# DATA LISTING:
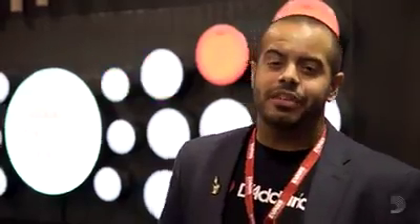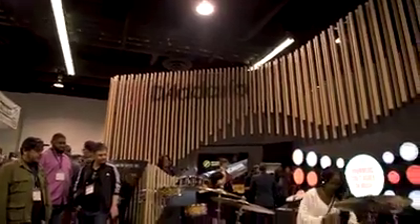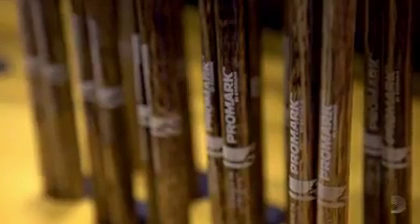Hey Drum Fam, it's Paul from Promark Drumsticks. Hey guys, Sergio here, Product Manager for Evans Drumheads. We're at the NAMM Show 2018 at the brand new D'Addario booth. Check out our newest FireGrain and Active Drip Sticks.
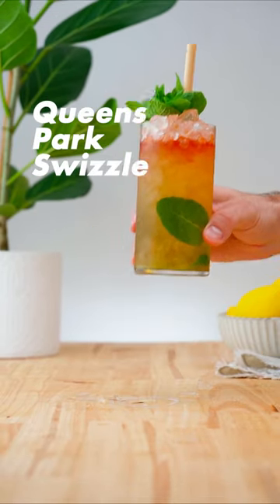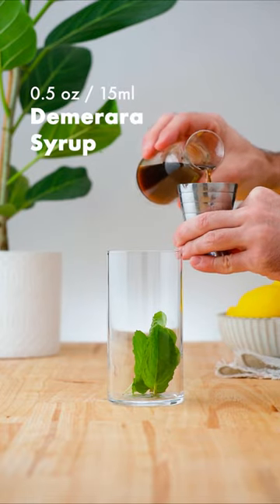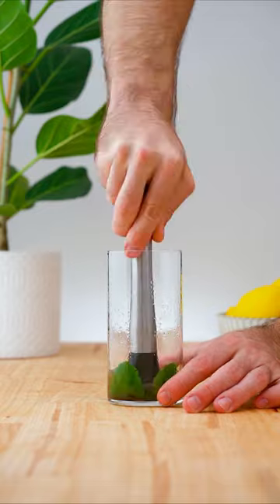Let's make a Queen's Park Swizzle. In a highball glass, add 4–6 mint leaves, followed by half an ounce (15ml) of demerara syrup, half an ounce (15ml) of lime juice, and gently muddle the mint.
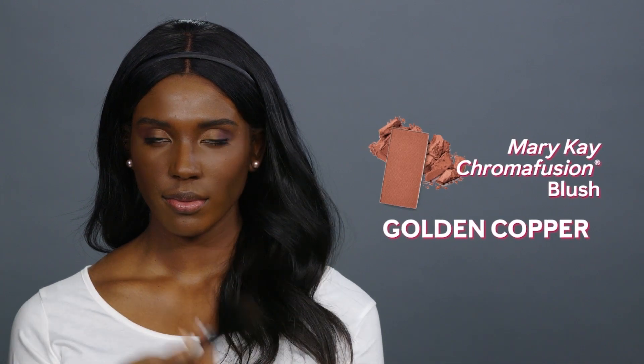Sweep golden copper upward into the hairline, following the cheekbones using the All Over Powder brush.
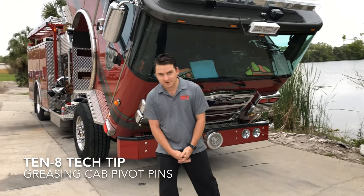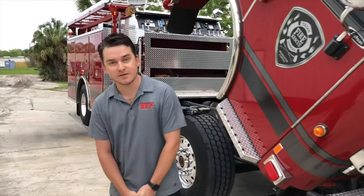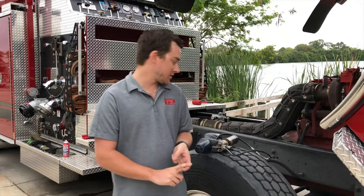Hi, Craig with 10-8 here. Today we're going to talk about greasing your cab pivot pins, and you may wonder why would you grease your cab pivot pins? Well, first it's going to start with a horrendous sound, shaking, vibration, and then a possible breakdown of the bushings and wear on the pins that will eventually cause expensive repairs.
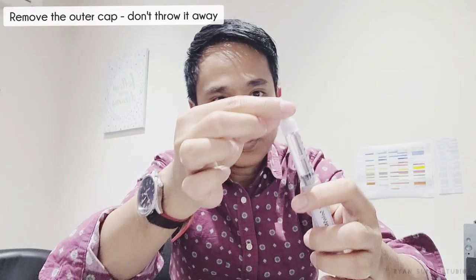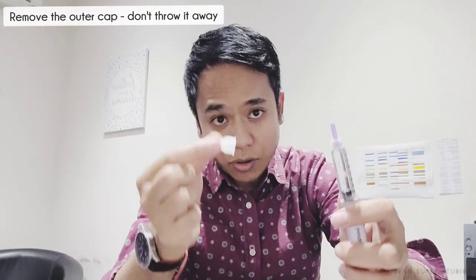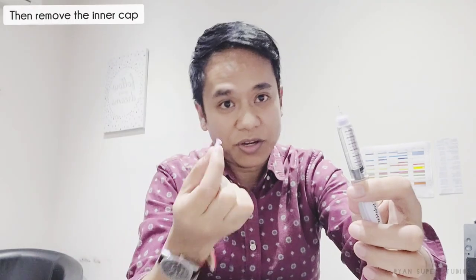Remove the outer white cap — don't throw it away, because you'll need it later to safely remove the needle after use. Then remove the inner cap, which you can throw away. That's your needle — it's very fine and very small.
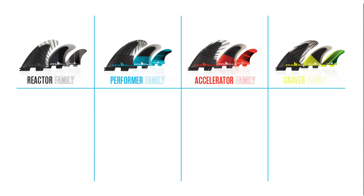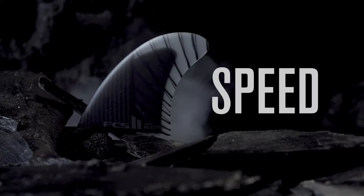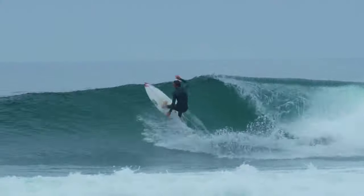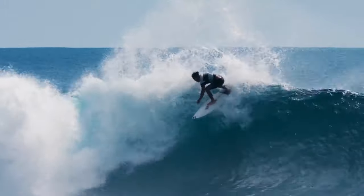Based on this theory we can categorize the four fin families by how they perform: Reactor family — tight turns; Performer family — all-round performance; Accelerator family — all-round performance with added control; and the Carver family — drawn-out turns. It's also possible to match other qualities to each fin family to help you choose the right fin, such as surf conditions and board types. In a single word, each family is represented by speed, balance, control, and power.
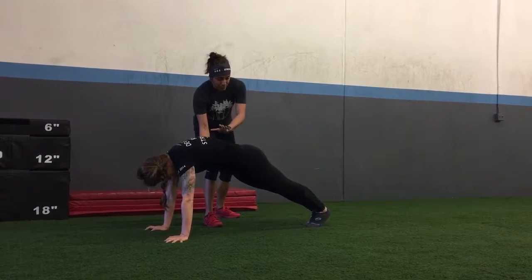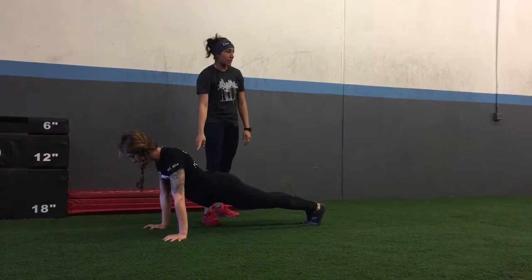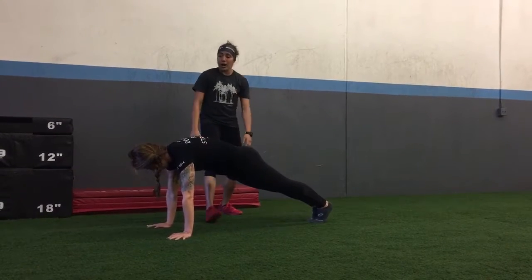This has to be really, really tight, because if this is loose — let's say you hyperextend — then you cannot press. And you cannot press with your shoulders; you'll be hollow. Okay, all right.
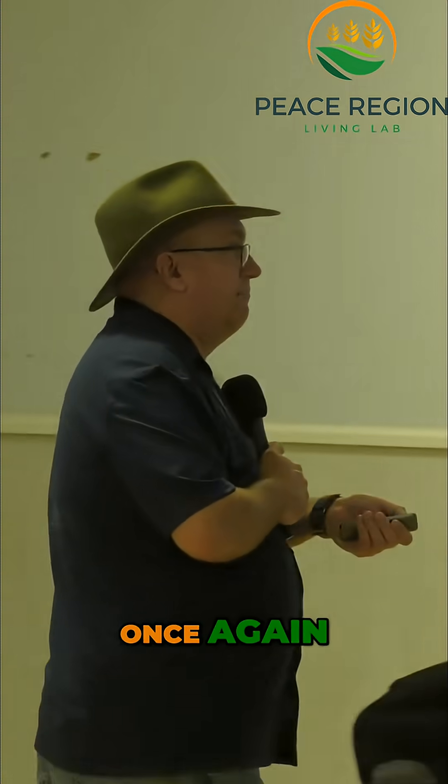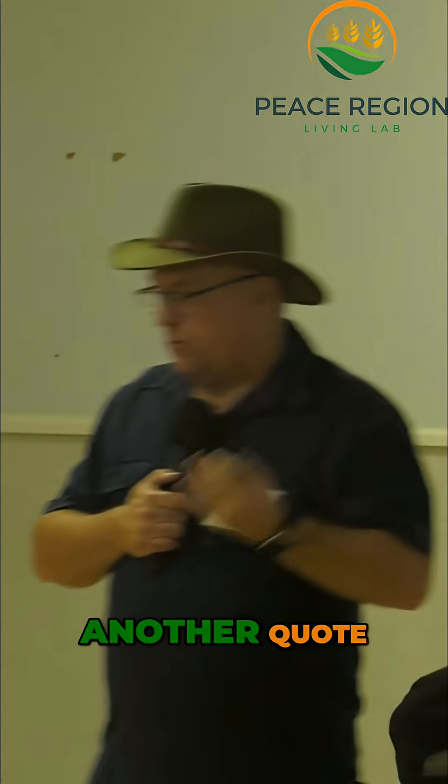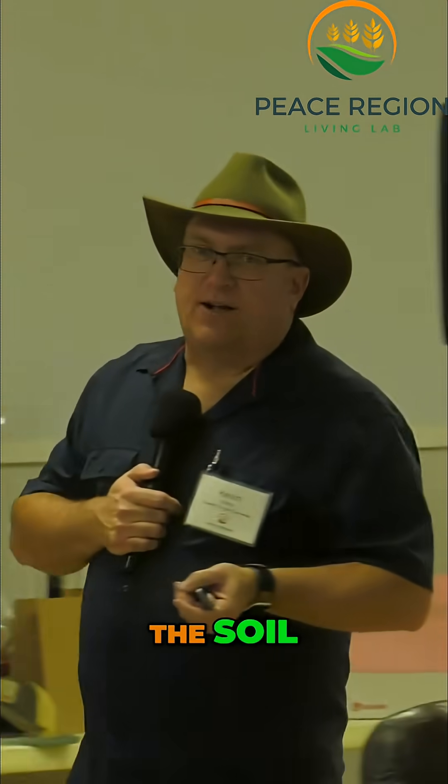Green and brown cover — once again, as we go through it. Another quote from Christine Jones: whatever is good for the rumen is good for the soil and vice versa.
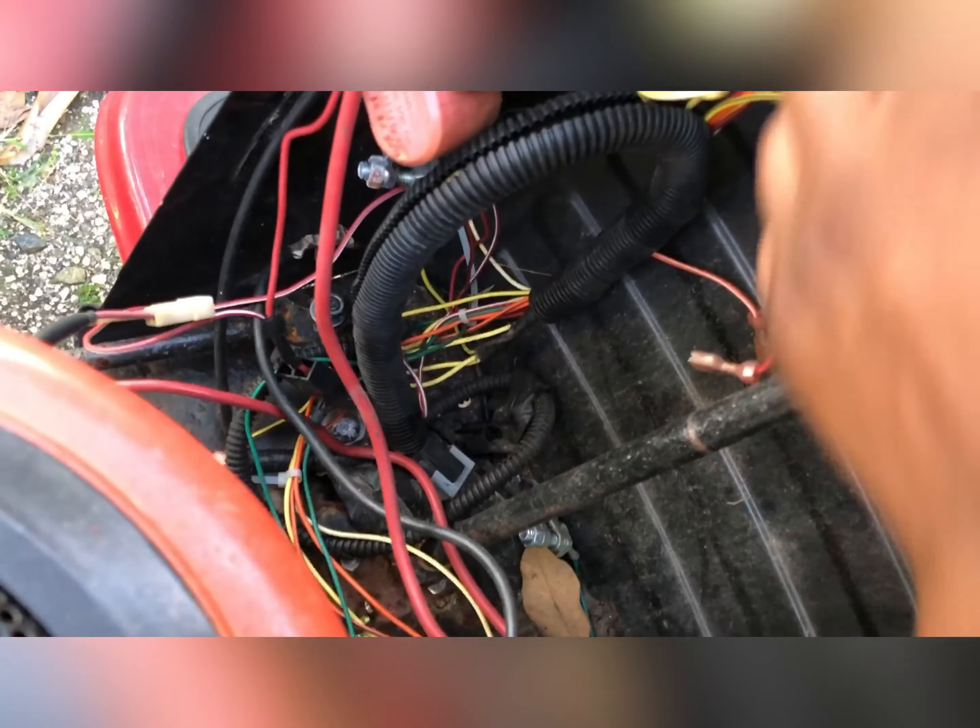So you can see we've got a solenoid, the ignition, and we've got this. The cable is there — the cable actually goes onto the engine.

# WHAT NEEDS TO BE DONE:
Could you repeat exactly the lines from the first one of the records above through the line containing "Based on this", leaving out any pictures?

# WRITTEN SOLUTION:
Hey Drum Fam, it's Paul from Promark Drumsticks. Hey guys, Sergio here, Product Manager for Evans Drumheads. We're at the NAMM Show 2018 at the brand new D'Addario booth. Check out our newest FireGrain and Active Drip Sticks.
Let's make a Queen's Park Swizzle. In a highball glass, add 4–6 mint leaves, followed by half an ounce (15ml) of demerara syrup, half an ounce (15ml) of lime juice, and gently muddle the mint.
Sweep golden copper upward into the hairline, following the cheekbones using the All Over Powder brush.
Hi, Craig with 10-8 here. Today we're going to talk about greasing your cab pivot pins, and you may wonder why would you grease your cab pivot pins? Well, first it's going to start with a horrendous sound, shaking, vibration, and then a possible breakdown of the bushings and wear on the pins that will eventually cause expensive repairs.
Remove the outer white cap — don't throw it away, because you'll need it later to safely remove the needle after use. Then remove the inner cap, which you can throw away. That's your needle — it's very fine and very small.
Based on this theory we can categorize the four fin families by how they perform: Reactor family — tight turns; Performer family — all-round performance; Accelerator family — all-round performance with added control; and the Carver family — drawn-out turns. It's also possible to match other qualities to each fin family to help you choose the right fin, such as surf conditions and board types. In a single word, each family is represented by speed, balance, control, and power.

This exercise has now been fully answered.